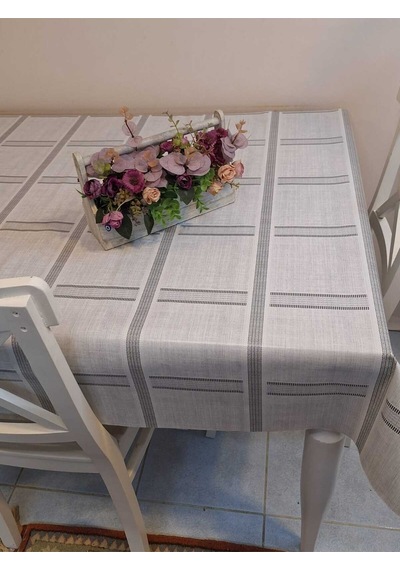 Elyaflı Pvc Masa Örtüsü Modern, Dayanıklı, Silinebilir Ve Şık Görünüm Mrl156 Gri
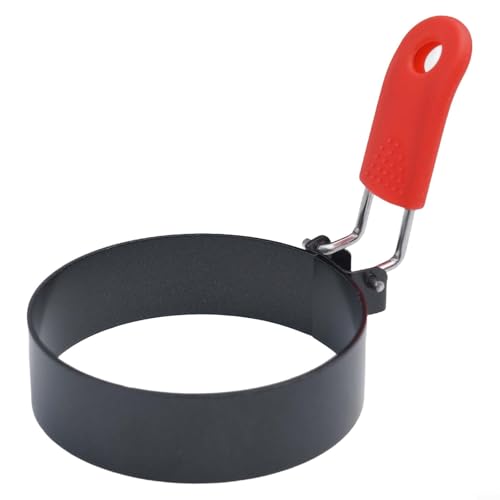 Yuanpgky Olla de huevos sin anillo con mango plegable, herramienta de cocina de acero inoxidable para tortitas y desayuno (forma redonda)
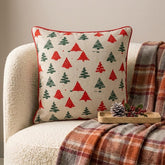 Cheery Pine - Red Jacquard Woven Decorative Throw Cushion Cover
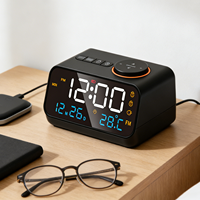 Moderner Wohnzimmer-Desktop LED Digitaler Wecker mit Bildschirm Stufenlose Dimmung Intelligenter LED-Wecker mit FM-Radio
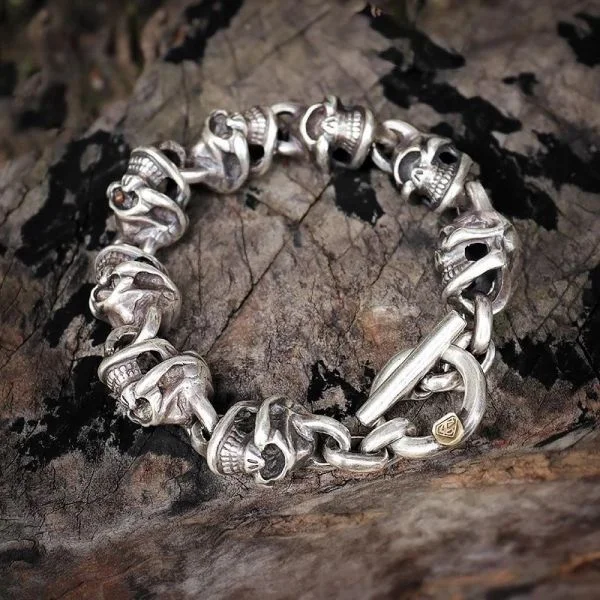Sterling Silver Skulls Link Chain Bracelet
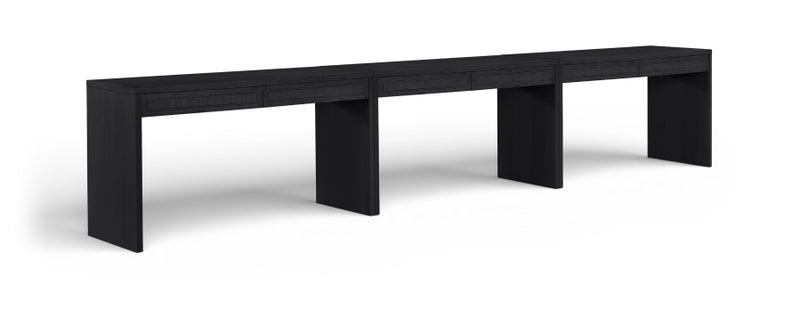 Avro Cane, Solid Wood And Oak Veneer 3pc. Desk in Black - 77051Black-T-3PC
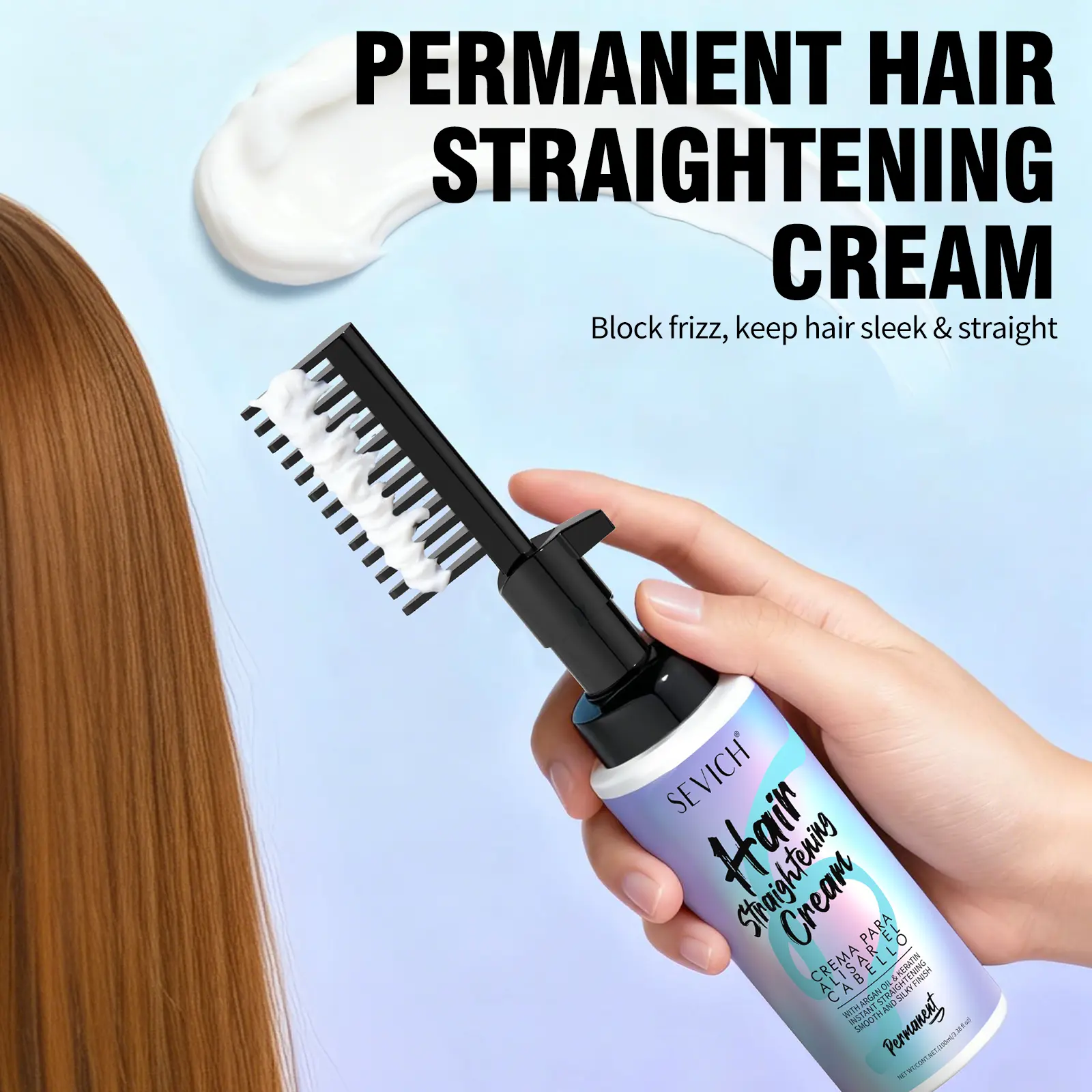 SEVICH Keratin Hair Straightener Cream with Built-in Comb & Argan Oil - No Damage, Instant Smooth Haircare for Frizzy Dry Hair, Subtle Fragrance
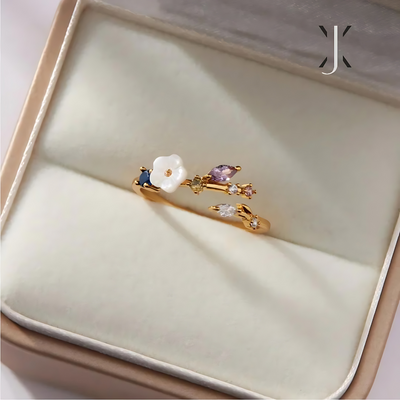 Crystal Zircon Flower Ring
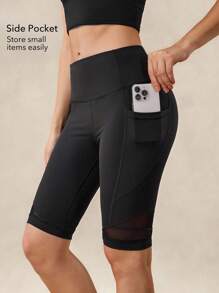 OutZeal Damskie spodenki motocyklowe z siateczki odprowadzającej pot, z kieszeniami bocznymi, czarne, modelujące brzuch, do jazdy na rowerze i na siłownię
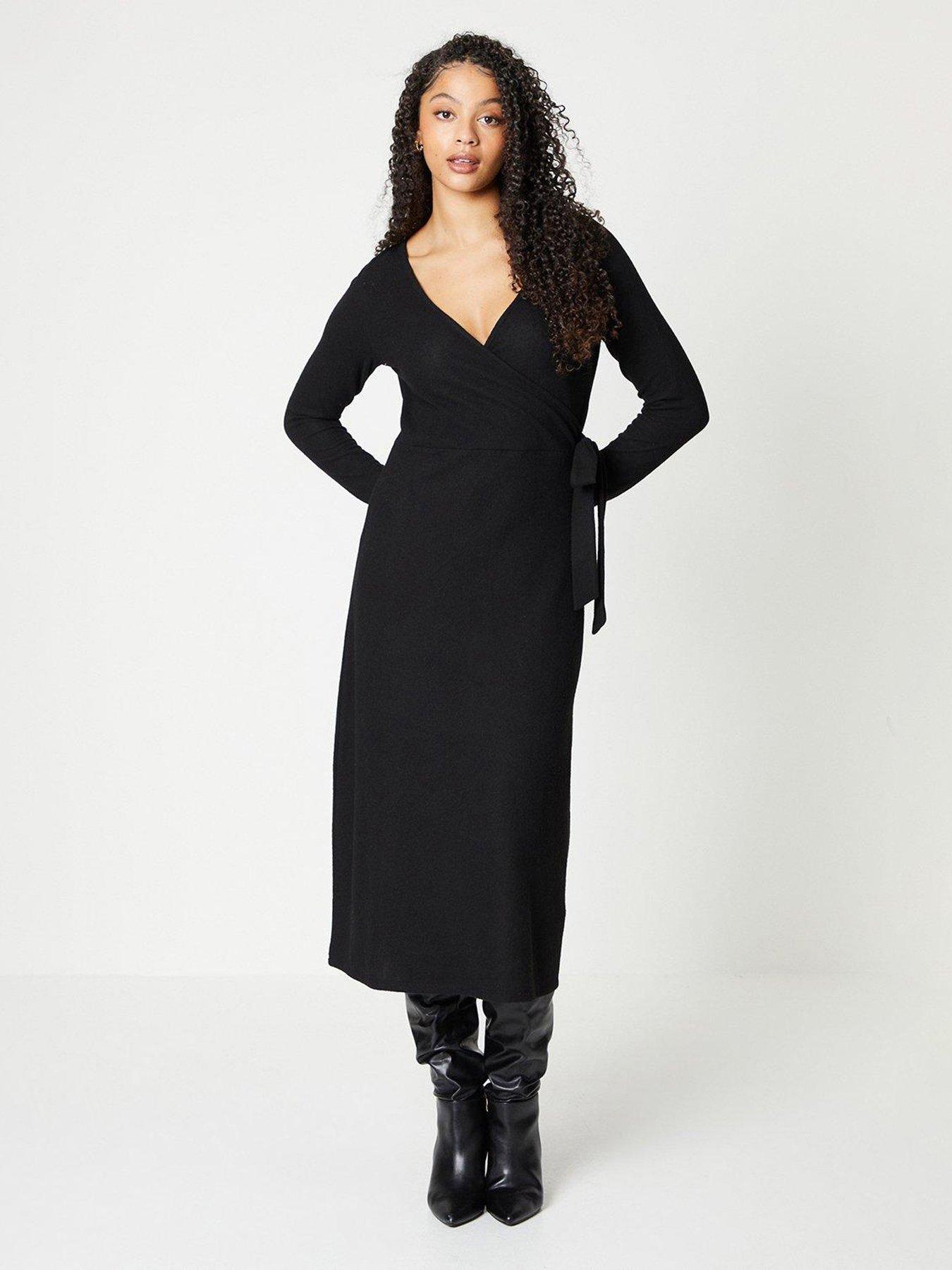 dorothy-perkins-soft-touch-midi-wrap-dress-black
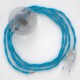 Cableado para lámpara de pie, cable TM11 Efecto Seda Celeste 3 m. Elige tu el color de la clavija y del interruptor!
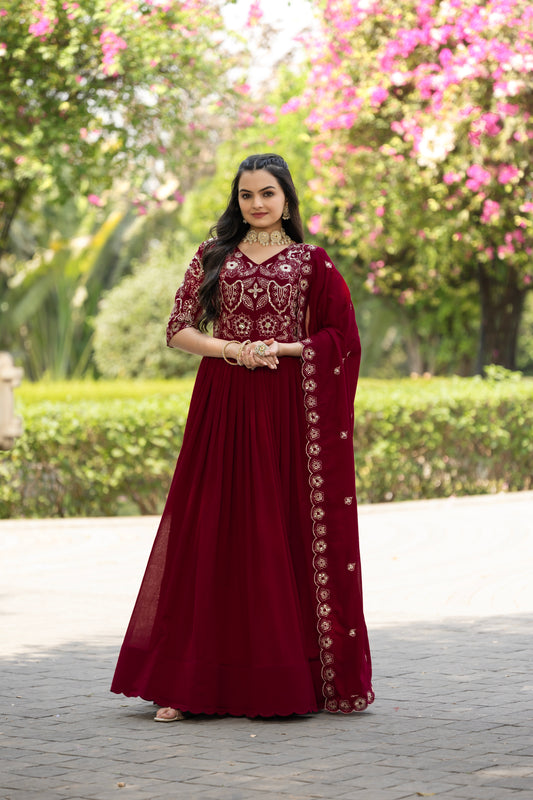 TILTON SHIMMER VICHITRA SEQUENCE EMBROIDERED GOWN WITH DUPATTA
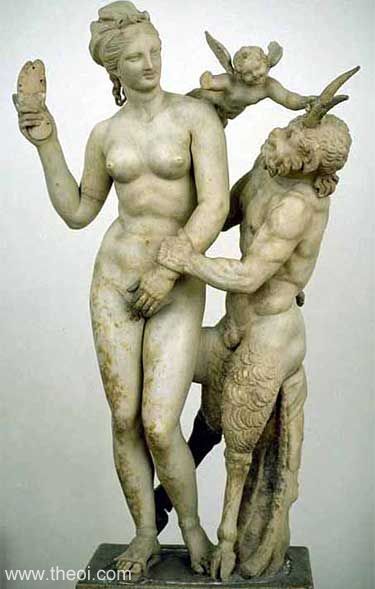 Aphrodite and Pan | Greek marble statue from Delos C1st B.C. | National Archaeological Museum, Athens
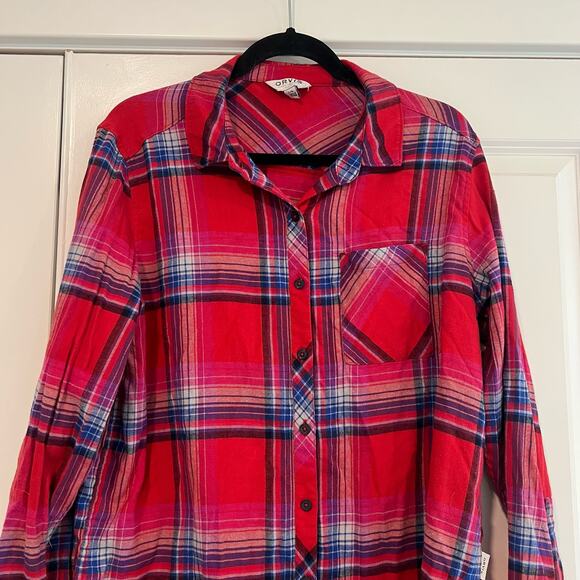 Orvis Women's Plaid Flannel Button Down Red Cotton Size Large - Picture 4 of 9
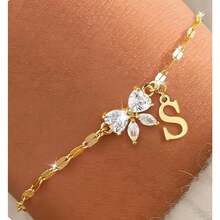 Nuevo brazalete de mariposa con circonita y letra, brazalete de 26 letras creativo y delicado, joyería de lujo para mujer - oro - Ver 25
━━━━━━━━━━
Directions for this task: Please output the lines of the records above from the one with "Sterling Silver Skulls Link Chain Bracelet" through the last, exactly as they appear and with both ends included; skip any pictures and add nothing.

Exercise result:
Sterling Silver Skulls Link Chain Bracelet
 Avro Cane, Solid Wood And Oak Veneer 3pc. Desk in Black - 77051Black-T-3PC
 SEVICH Keratin Hair Straightener Cream with Built-in Comb & Argan Oil - No Damage, Instant Smooth Haircare for Frizzy Dry Hair, Subtle Fragrance
 Crystal Zircon Flower Ring
 OutZeal Damskie spodenki motocyklowe z siateczki odprowadzającej pot, z kieszeniami bocznymi, czarne, modelujące brzuch, do jazdy na rowerze i na siłownię
 dorothy-perkins-soft-touch-midi-wrap-dress-black
 Cableado para lámpara de pie, cable TM11 Efecto Seda Celeste 3 m. Elige tu el color de la clavija y del interruptor!
 TILTON SHIMMER VICHITRA SEQUENCE EMBROIDERED GOWN WITH DUPATTA
 Aphrodite and Pan | Greek marble statue from Delos C1st B.C. | National Archaeological Museum, Athens
 Orvis Women's Plaid Flannel Button Down Red Cotton Size Large - Picture 4 of 9
 Nuevo brazalete de mariposa con circonita y letra, brazalete de 26 letras creativo y delicado, joyería de lujo para mujer - oro - Ver 25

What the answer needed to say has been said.